Mindesthygieneanforderungen für Materialien und Werkstoffe, die mit Wasser für den menschlichen Gebrauch in Berührung kommen

(1) Für die Zwecke des Artikels 4 stellen die Mitgliedstaaten sicher, dass Materialien und Werkstoffe, die für die Verwendung in Neuanlagen oder — im Fall von Reparatur- oder Sanierungsmaßnahmen — in bereits bestehenden Anlagen zur Entnahme, Aufbereitung, Speicherung oder Verteilung von Wasser für den menschlichen Gebrauch vorgesehen sind und mit diesem Wasser in Berührung kommen,

a)
den durch die vorliegende Richtlinie vorgesehenen Schutz der menschlichen Gesundheit weder direkt noch indirekt gefährden;
b)
die Färbung, den Geruch oder den Geschmack des Wassers nicht beeinträchtigen;
c)
nicht die Vermehrung von Mikroorganismen fördern;
d)
nicht dazu führen, dass Kontaminanten in höheren Konzentrationen als aufgrund des mit dem Material oder Werkstoff verfolgten Zwecks unbedingt nötig in das Wasser gelangen.

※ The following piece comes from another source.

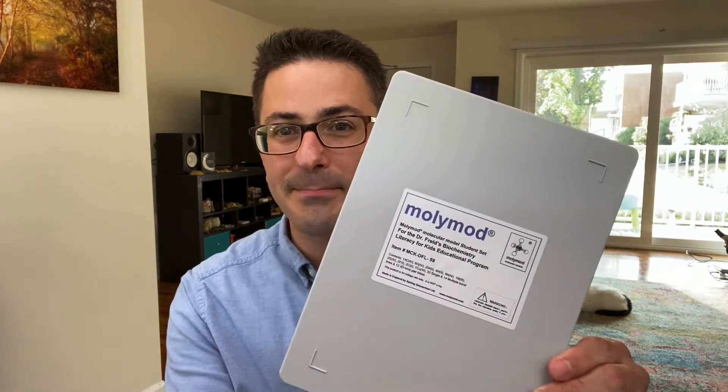Hi, I'm Dan Fried. I'm the creator of Biochemistry Literacy for Kids. In this video, we're going to be going over the custom MolyMod model kit, which I hope that you will order to accompany your experience with the digital curriculum that I've created.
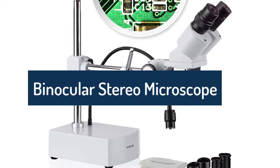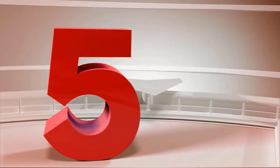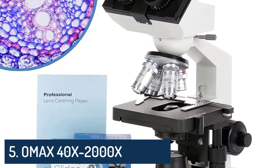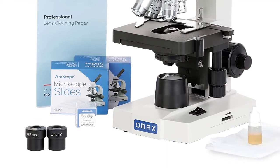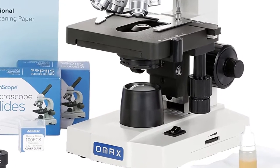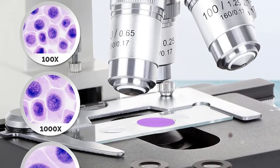Top five best microscopes to buy in 2022. Number five: Omax 40x-2000x LED binocular compound lab microscope with double layer mechanical stage, plus blank slides, cover slips, and lens cleaning paper.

(2) Um sicherzustellen, dass Absatz 1 einheitlich zur Anwendung kommt, erlässt die Kommission Durchführungsrechtsakte, um die spezifischen Mindesthygieneanforderungen für Materialien und Werkstoffe, die mit Wasser für den menschlichen Gebrauch in Berührung kommen, auf der Grundlage der in Anhang V festgelegten Grundsätze festzulegen. In diesen Durchführungsrechtsakten wird Folgendes festgelegt:

a)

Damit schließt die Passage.